Vollmer was selected for the trip by a vote of her Buccaneer teammates, who have long appreciated her hard work, spirit and dedication to the team.

"That's the best part of it," she said. "It's such a great honor because I was chosen to go by my peers. It really is the ultimate honor."

If Vollmer's honeymoon in Hawaii was relaxing, this trip will be anything but. The 26 cheerleading all-stars will follow an exhausting schedule that begins the minute they arrive in Honolulu. In addition to rigorous rehearsals for their Pro Bowl performances, the cheerleaders will make dozens of appearances each day leading up to the game.

"I've heard through the girls that have been there in the years past that from eight in the morning until eight at night you're doing appearances and rehearsals and that kind of thing," said Vollmer, who nevertheless considers the trip more pleasure than business. "It is a working trip, but it will be fun and exciting too, I'm sure. We do get a free day after the Pro Bowl to lay by the pool, go sightseeing, do whatever we want to do."

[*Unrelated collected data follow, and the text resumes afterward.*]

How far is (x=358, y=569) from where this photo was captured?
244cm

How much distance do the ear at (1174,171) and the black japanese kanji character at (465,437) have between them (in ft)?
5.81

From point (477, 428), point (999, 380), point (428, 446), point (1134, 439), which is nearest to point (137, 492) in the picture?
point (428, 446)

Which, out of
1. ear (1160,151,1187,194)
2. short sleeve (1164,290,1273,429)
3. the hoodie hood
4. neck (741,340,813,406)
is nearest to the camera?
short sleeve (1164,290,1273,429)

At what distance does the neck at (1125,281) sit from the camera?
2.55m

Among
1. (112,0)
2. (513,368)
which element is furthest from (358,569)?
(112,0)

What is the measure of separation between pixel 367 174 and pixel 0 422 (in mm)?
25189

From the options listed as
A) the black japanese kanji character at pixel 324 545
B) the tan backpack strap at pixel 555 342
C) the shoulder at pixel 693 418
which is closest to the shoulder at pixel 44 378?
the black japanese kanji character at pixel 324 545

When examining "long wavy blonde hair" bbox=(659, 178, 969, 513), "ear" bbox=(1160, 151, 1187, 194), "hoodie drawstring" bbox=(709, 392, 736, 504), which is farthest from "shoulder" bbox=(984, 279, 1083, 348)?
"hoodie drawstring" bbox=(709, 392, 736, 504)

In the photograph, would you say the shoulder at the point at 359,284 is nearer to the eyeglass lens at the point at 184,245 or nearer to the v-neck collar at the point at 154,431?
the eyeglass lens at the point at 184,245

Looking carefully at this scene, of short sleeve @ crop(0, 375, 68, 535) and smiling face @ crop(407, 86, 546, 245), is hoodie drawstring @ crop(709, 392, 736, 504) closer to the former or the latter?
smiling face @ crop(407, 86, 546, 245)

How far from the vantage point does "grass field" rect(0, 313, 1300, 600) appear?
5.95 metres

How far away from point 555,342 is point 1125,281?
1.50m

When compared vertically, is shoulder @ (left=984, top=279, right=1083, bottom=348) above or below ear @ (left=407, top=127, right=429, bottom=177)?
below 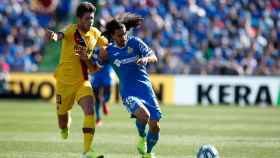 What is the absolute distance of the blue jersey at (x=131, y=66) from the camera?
485 inches

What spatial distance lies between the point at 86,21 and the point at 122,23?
0.63 meters

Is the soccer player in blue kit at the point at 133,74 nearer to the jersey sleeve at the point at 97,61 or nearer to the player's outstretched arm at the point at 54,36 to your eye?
the jersey sleeve at the point at 97,61

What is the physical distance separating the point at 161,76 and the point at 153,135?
17.0m

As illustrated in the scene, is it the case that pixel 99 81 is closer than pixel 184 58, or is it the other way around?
pixel 99 81

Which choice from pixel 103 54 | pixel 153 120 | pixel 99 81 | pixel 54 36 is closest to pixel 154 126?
pixel 153 120

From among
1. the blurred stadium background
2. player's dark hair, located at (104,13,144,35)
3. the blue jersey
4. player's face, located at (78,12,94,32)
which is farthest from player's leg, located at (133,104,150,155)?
the blurred stadium background

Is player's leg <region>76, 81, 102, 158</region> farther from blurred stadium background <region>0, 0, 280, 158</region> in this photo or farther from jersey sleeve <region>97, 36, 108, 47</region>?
blurred stadium background <region>0, 0, 280, 158</region>

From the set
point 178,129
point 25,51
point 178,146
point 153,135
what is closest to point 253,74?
point 25,51

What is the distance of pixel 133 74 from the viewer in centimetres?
1238

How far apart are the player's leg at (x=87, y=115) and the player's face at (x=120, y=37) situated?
2.89ft

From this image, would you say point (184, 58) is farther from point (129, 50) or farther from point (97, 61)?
point (129, 50)

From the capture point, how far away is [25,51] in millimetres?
31859

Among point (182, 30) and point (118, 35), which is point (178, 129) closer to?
point (118, 35)

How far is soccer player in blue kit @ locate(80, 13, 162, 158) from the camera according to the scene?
12.2 metres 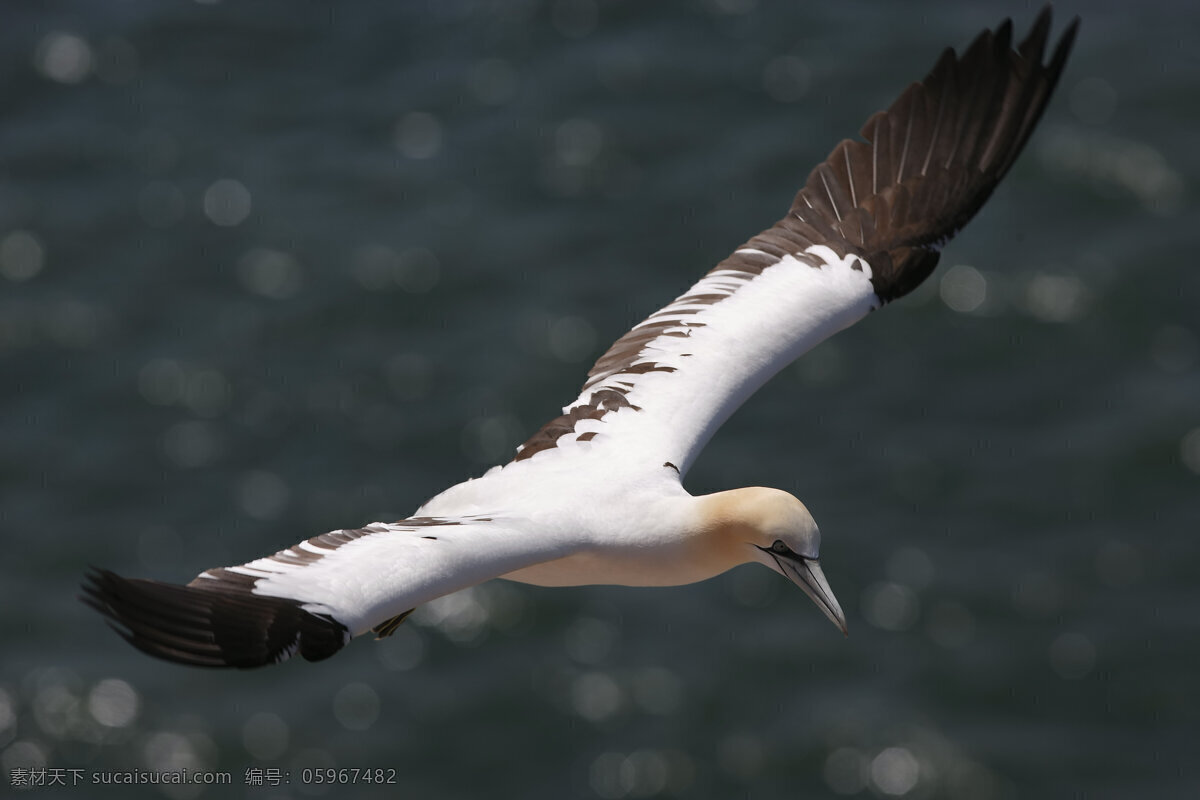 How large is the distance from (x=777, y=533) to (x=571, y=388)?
12.3 m

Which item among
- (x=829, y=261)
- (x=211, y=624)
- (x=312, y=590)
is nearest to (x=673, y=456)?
(x=829, y=261)

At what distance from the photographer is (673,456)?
1170 centimetres

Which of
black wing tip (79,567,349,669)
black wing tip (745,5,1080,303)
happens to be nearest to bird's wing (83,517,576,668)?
black wing tip (79,567,349,669)

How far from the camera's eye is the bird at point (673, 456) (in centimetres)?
909

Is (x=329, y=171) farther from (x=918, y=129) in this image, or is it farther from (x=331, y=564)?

That extra day will be a well-deserved reward for Vollmer and her 25 new teammates, who will serve as ambassadors of sorts for the NFL and the Pro Bowl. They will make appearances to promote the league and the game, lend a hand at a variety of charitable events and visit members of the military at Pearl Harbor.

We'll be doing appearances of all different kinds. We'll be working for the Pro Bowl, dealing with the players and the media, and we'll also be doing charitable events and visiting members of the military at Pearl Harbor. The schedule may be hectic, but Vollmer isn't complaining about a week in paradise.

"Being a Buccaneers Cheerleader has given me an opportunity to do so many things that I normally wouldn't be able to do – traveling around the world, winning the Super Bowl and all that," she said. "This trip to the Pro Bowl is like icing on the cake. Whatever we're asked to do over there, it will be well worth it."

Actually, the work has already begun. All of the Pro Bowl-bound NFL cheerleaders were sent videotapes demonstrating the 12 routines they will be asked to perform while in Honolulu. Vollmer got her tape midway through January and has been picking up the moves ever since. She's expected to have a good grasp on the routines when she steps off the plane; it's the only way to pull together a team of 26 strangers in one week.

"It's actually a challenge," Vollmer admitted. "It's pretty difficult. I've been learning them for about three weeks because you have to be prepared when you arrive there. You have to know the routines, because we start practicing the day we get there.

"It is difficult because we're trying to do, in just a few short rehearsals, what it took our [Buccaneer] team three months to do. It is going to be a challenge to mesh together as a team, and that's why we have to be as prepared as possible before we get there."

The Pro Bowl is scheduled for Sunday, February 13. Ronde Barber will be playing in the game for the Buccaneers, starting at cornerback for the NFC squad (Derrick Brooks was also selected but will not play due to injury). Vollmer will represent the team on the sidelines and on the field during cheerleader performances. Like the players in the game wearing their own teams' helmets, Vollmer and the other 25 cheerleaders will be clad in their home gear. She'll be easy to pick out of the crowd in her red and black uniform, and she'll be doing her best to make the Buccaneers look good.

"Every time I'm in uniform, I know I'm representing the whole organization," she said. "I always try to uphold the standards that come along with being involved with the Buccaneers organization. This week will be no different."